Los hobbits, por su parte, continuaron viviendo tranquilamente en la Comarca. Aragorn respetó su deseo de mantenerse al margen de los asuntos del mundo y prohibió la entrada a cualquier hombre sin su permiso. Con el paso de los siglos fueron aislándose cada vez más, hasta desaparecer de la historia y convertirse poco a poco en una simple leyenda.
¿Y los orcos? Tolkien nunca ofrece una respuesta definitiva. La mayoría murieron durante la Guerra del Anillo o quedaron dispersos tras la caída de Sauron y Saruman. Los pocos supervivientes probablemente se refugiaron en cuevas y montañas remotas, pero jamás volvieron a representar una amenaza para la Tierra Media. Su época había terminado para siempre.
¿Murió realmente Sauron? El incierto destino del Señor Oscuro
Aunque solemos decir que Sauron murió al destruirse el Anillo Único, la realidad es un poco más compleja. Como Maia, un espíritu inmortal al servicio de los Valar, no podía desaparecer por completo. Lo que perdió fue el poder que había concentrado en el Anillo, quedando reducido a una sombra incapaz de volver a tomar forma física o de dominar a otros pueblos. Desde ese momento dejó de ser una amenaza para la Tierra Media.
Sin embargo, Tolkien dejó caer que la historia del mundo todavía no había terminado.

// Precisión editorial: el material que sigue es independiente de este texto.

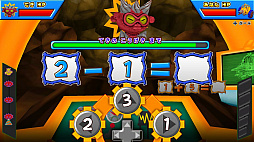 ꡼ No.005 | ֤󤹤ɥ顼פ35󥪥դˤʤ륻뤬ȡ1110ޤ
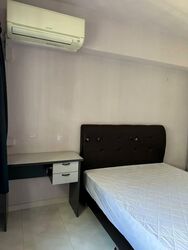 Blk 926 Yishun Central 1 (Yishun), HDB 4 Rooms #533314321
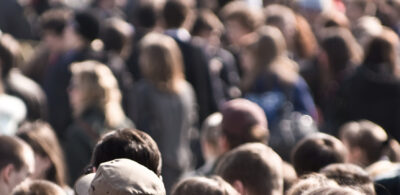 Article employment in store for 2022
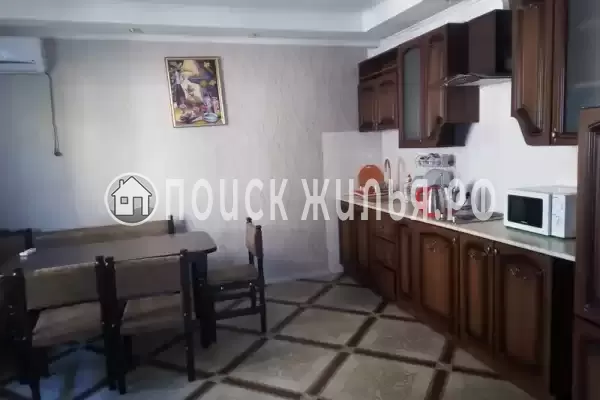 Гостевой дом «Берег Крыма»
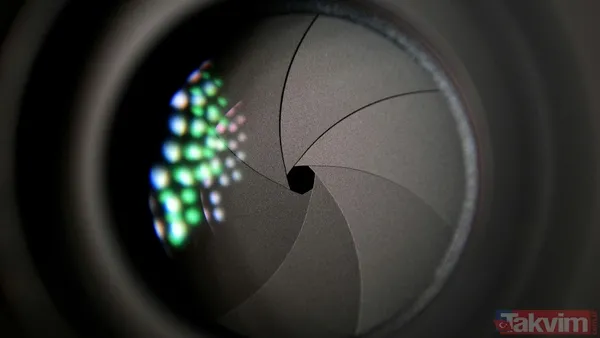 Evde gizli kamera var mı? İşte kiralık evlerde ve otellerde kameraları bulmanın 5 kesin yolu - 2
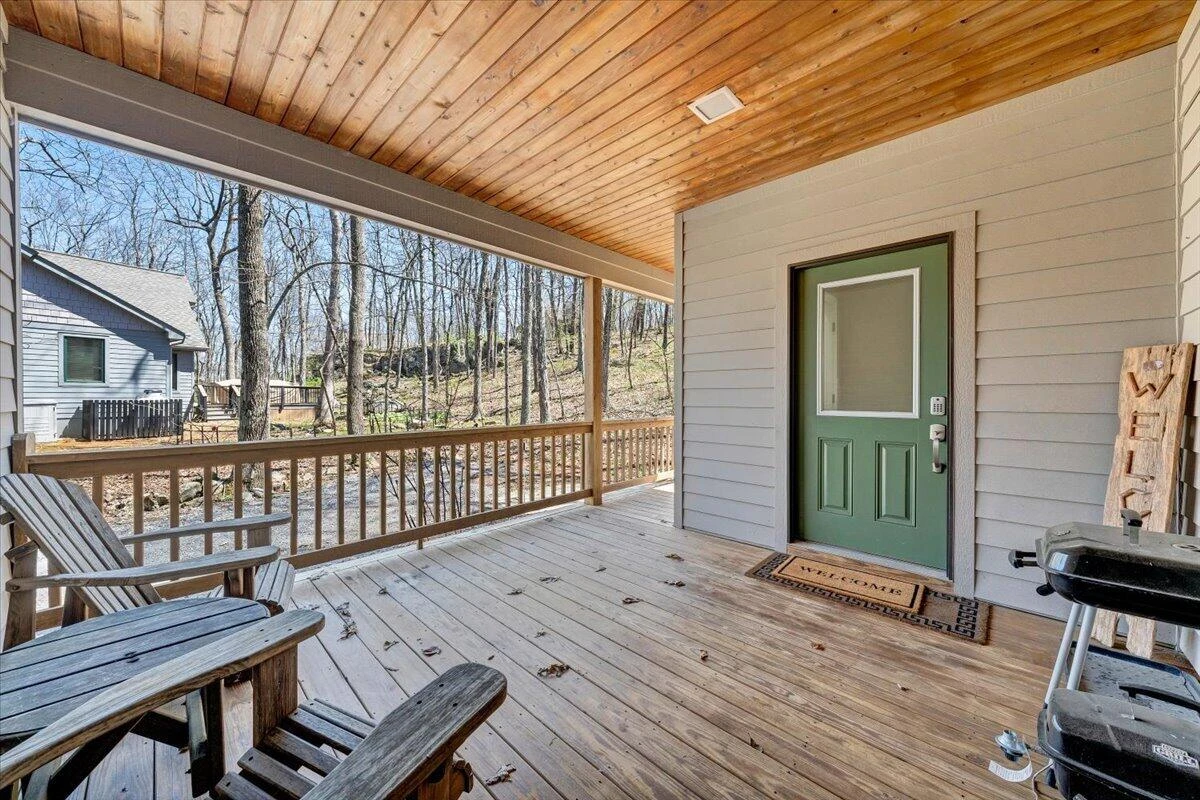 115 Hemlock DR - Photo 58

En algunos de sus escritos habló de la Dagor Dagorath, la Batalla de las Batallas, un enfrentamiento que tendría lugar al final de los tiempos. En ese día, Morgoth —el primer Señor Oscuro y antiguo amo de Sauron— escaparía del Vacío para librar una última guerra contra los Valar y los héroes de las edades pasadas. Tras aquella batalla el mundo sería destruido y los Ainur interpretarían una nueva Música que daría origen a una creación renovada.
Puede que Tolkien nunca llegara a desarrollar por completo este episodio y que incluso dudara de su carácter definitivo, pero la idea resulta fascinante: la Guerra del Anillo no era el final absoluto de la historia, sino solo el último gran capítulo antes del lento ocaso de la magia y del comienzo del mundo tal y como lo conocemos hoy.

El final es solo el principio
Y quizá ahí resida la mayor genialidad de su obra. Mientras la mayoría de historias de fantasía terminan con un «vivieron felices para siempre», Tolkien prefirió contar algo mucho más humano: que incluso las mayores victorias tienen un coste, que toda época dorada acaba llegando a su fin y que el paso del tiempo es una fuerza contra la que ni siquiera los héroes pueden luchar.
Así que, la próxima vez que termines El Retorno del Rey y veas a Frodo alejarse en el barco blanco, recuerda que no estás asistiendo solo al final de una aventura. Estás presenciando la despedida definitiva de la magia, el último adiós de los elfos y el nacimiento del mundo de los hombres… el mundo que, según Tolkien, acabaría convirtiéndose en el nuestro.